Cinco años pasaron hasta que se supo qué había sido del paradero de Andrés Núñez. Uno de los policías que había entrado ese 27 de septiembre a la casa de Mirna y su familia, Daniel Ramos, confesó frente a la Justicia: él, el cabo Víctor Dos Santos, el sargento Alfredo González y el oficial inspector Pablo Martín Gerez secuestraron a Núñez y lo llevaron hasta la Brigada de Investigaciones (61 entre 12 y 13), donde se les sumó en las torturas el comisario Luis Raúl Ponce, un hombre gordo y de bigote tupido.

Andrés había muerto en medio de una sesión de torturas. Los policías sacaron el cuerpo de la Brigada esa misma noche y lo llevaron a una estancia cerca de General Belgrano, en la provincia de Buenos Aires. El campo era del primero de Gerez; una vez allí, descuartizaron el cuerpo, quemaron los restos y finalmente los enterraron.
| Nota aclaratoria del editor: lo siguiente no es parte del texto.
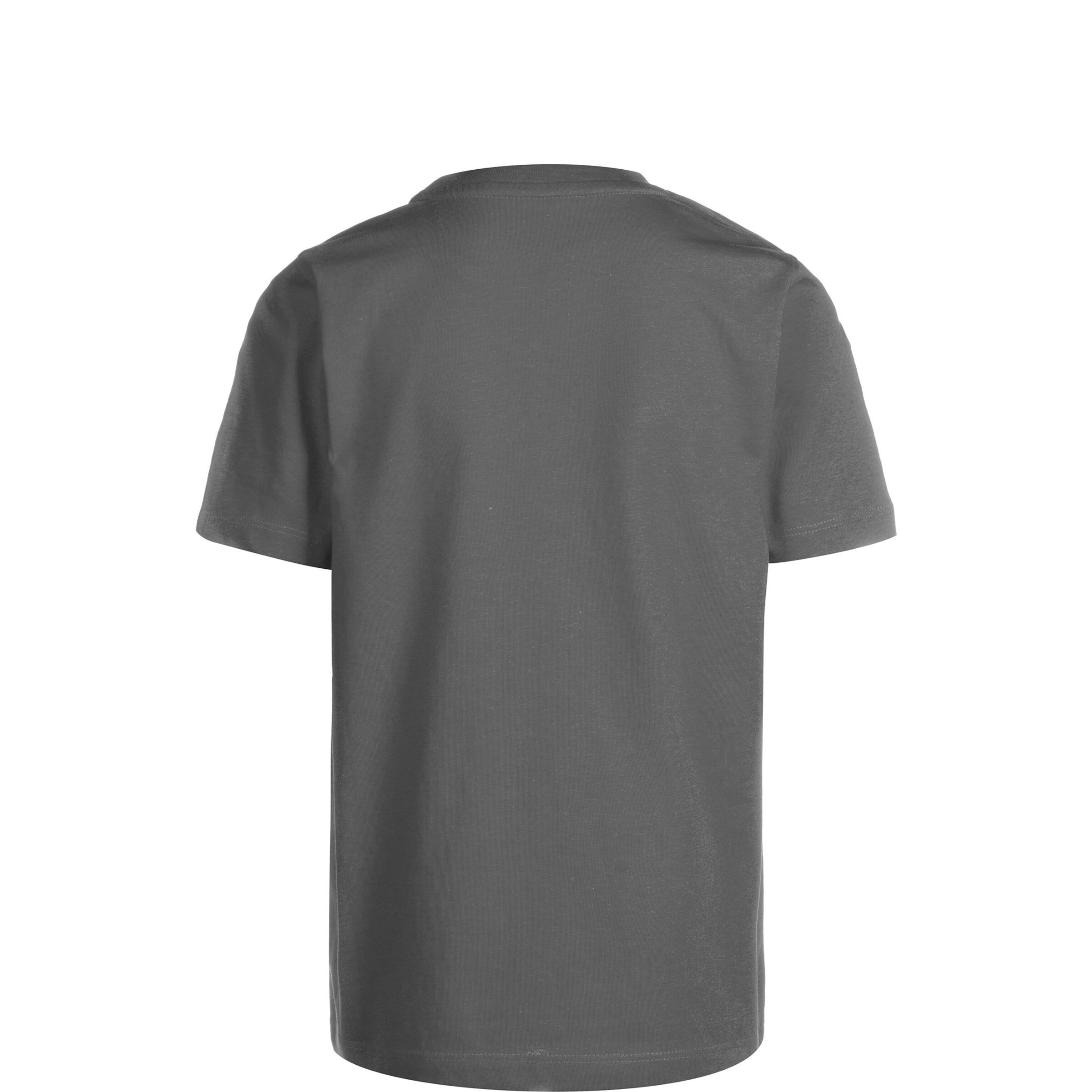 JAKO Performance Shirt 'Power' in Grey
El 9 de agosto de 1995, luego de la confesión de Ramos, un equipo de Antropología Forense llegó a la estancia “El Roble” donde hallaron los restos carbonizados de Andrés, su ropa y mochila.

Por su parte, Daniel Ramos fue declarado inimputable por la Justicia. El juez Amílcar Vara fue destituido a fines de los años ‘90 por encubrir personal policial en más de veintiséis causas judiciales, entre ellas la desaparición de Miguel Bru. Sin embargo, murió impune en 2014 antes de que comenzara el juicio en su contra.

Luego de 20 años de impunidad, Víctor Dos Santos y Alfredo Jorge González fueron condenados a cadena perpetua por “privación ilegítima de la libertad calificada reiterada y tortura seguida de muerte”. Más tarde, recién en 2018, fue sentenciado a la misma pena el ex comisario Raúl Ponce.

Sin embargo, 30 años después Mirna aún no puede decir que encontró Justicia pues el oficial Pablo Martín Gerez sigue prófugo. Por eso hoy, tras décadas de lucha, la familia y amigos de Andrés Núñez siguen reclamando: Memoria, Verdad y Justicia.